[tlaplus] Re: Specification as part of an agile software delivery process

On Monday, November 23, 2020 at 1:16:43 PM UTC-5 recepient recepient wrote:

I am a TLA+ novice ... however ... am plowing into TLA full-force on a distributed KV store. It'll eventually include crash recovery, membership, and what not. On the other hand I've done programming for a long time. Putting the two together in a reasonable way is something I'm keeping my eye on too. As to TLA+ appropriateness to a larger workflow

- It makes one get the correctness spec first and showing it works under a wide or widest range of legal behaviors rather than fixing bugs as customers drive them to your front door often the more expensive vector .... We target the model checker at the main risk areas only. With professional programmers I wouldn't tend to lean on TLA for multi-threaded code but for distributed code ... definitely yes.

- Incorporating TLA+ into CD/CI presupposes the ability to abstract up from code to the spec or refine down from the spec to code (a two way refinement) in order to have something to re-test without excessive labor. That's beyond the scope (perhaps main intent) of TLA+. However building in pre/post/static analysis into the code ala Frama-C or similar is indicated for the CD part of CDCI. That's not model checking per se but the things Frama might check for you would fall out of the TLA+ spec, which is a plus e.g. invariants, asserts.

- I initially viewed Verdi and Daphny as doing more than TLA not because TLA can't but more so because Verdi and Daphny wanted that more granular two-way refinement ... but I can only battle one formal language at a time. Verdi is based on COQ, which is another huge learning curve. Verdi doesn't do liveness. Daphny seems much better than Verdi in tool power; Daphny does do liveness but the GIT repo with the Daphny toolbox is a complete mess ... a rat's nest of files. I don't have that kind of time. Verdi is proof-oriented; TLA+ is model checker oriented which is a different approach to the same end. Daphny I believe is model checker oriented too. On the whole then I plan on sticking with TLA+ as the most practical choice unless I have or can be given a reason to look at Daphny later.

- To the extent you can model the serverless model as one basic architecture you can check it once then you're done so to speak unless you revisit the code or the model.

- In summary I intend to use TLA+ as removing project risk (system never becomes prod ready) and institutional risk (company X sucks 'cause their product sucks). For short-medium term risk in CD/CI I hope to bring out key invariants and asserts into code with unit testing and/or state paths from initial to terminal states lifted from TLA's .dot file or something else together with conventional unit and integration testing.

Regards
On Monday, November 23, 2020 at 11:49:09 AM UTC-5 georgio...@xxxxxxxxx wrote:
Hello tlaplus community,

I am Georgios, I am a developer and lead consultant at Thoughtworks.
One of the new trends in the industry is building systems using a "serverless architecture".

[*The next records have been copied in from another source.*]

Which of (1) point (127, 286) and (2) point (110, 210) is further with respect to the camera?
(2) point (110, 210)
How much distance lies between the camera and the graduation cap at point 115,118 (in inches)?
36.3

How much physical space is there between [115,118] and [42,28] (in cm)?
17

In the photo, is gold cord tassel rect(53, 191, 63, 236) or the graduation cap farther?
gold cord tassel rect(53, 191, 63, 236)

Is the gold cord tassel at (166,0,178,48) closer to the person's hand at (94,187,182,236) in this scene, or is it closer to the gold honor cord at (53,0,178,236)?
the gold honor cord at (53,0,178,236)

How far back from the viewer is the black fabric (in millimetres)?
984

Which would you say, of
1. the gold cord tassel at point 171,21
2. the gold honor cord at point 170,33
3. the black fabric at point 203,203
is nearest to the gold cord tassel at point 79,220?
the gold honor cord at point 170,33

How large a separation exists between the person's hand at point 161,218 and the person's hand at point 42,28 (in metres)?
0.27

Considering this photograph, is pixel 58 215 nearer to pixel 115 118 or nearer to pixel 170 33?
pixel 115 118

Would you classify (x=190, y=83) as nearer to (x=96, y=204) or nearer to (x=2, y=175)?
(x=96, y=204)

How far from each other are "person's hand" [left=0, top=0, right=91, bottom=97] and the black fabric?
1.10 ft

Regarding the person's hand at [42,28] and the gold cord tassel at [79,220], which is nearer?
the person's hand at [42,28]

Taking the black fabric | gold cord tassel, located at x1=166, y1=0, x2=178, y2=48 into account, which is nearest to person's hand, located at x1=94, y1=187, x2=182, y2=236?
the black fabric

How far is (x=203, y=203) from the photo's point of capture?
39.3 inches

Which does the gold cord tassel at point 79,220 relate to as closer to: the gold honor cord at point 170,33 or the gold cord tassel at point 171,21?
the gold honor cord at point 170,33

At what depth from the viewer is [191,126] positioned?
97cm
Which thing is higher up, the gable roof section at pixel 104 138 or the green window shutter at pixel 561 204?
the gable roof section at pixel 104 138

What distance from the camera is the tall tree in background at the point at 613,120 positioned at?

This usually means designing systems as small Lambda functions connected with queues and API gateways that your cloud provider takes care of running for you.

The traditional testing pyramid doesn't work very well for those systems. Partially because running many of those components locally is hard or even impossible and also because those systems tend to be highly asynchronous.

I was wondering if TLA+ can have a role to play in increasing our confidence that those systems are working as expected. Is there maybe a competitive value proposition for using TLA+ specifications with serverless. Since, testing is now harder and it is already challenging to test for bugs arising from asynchronicity?

I am curious if anyone has any experience to share with using TLA+ in an agile team. Has anyone incorporated TLA+ and the act of writing specification in their team processes, and CI/CD pipeline?

Additionally, I recently wrote a blog post to demonstrate that specifying serverless systems in PlusCal is relatively easy and will catch nasty bugs.

Happy to hear your thoughts about the post too[1].

[1] https://blog.gchinis.com/posts/serverless-specification-with-tla/

Best regards,
Georgios Chinis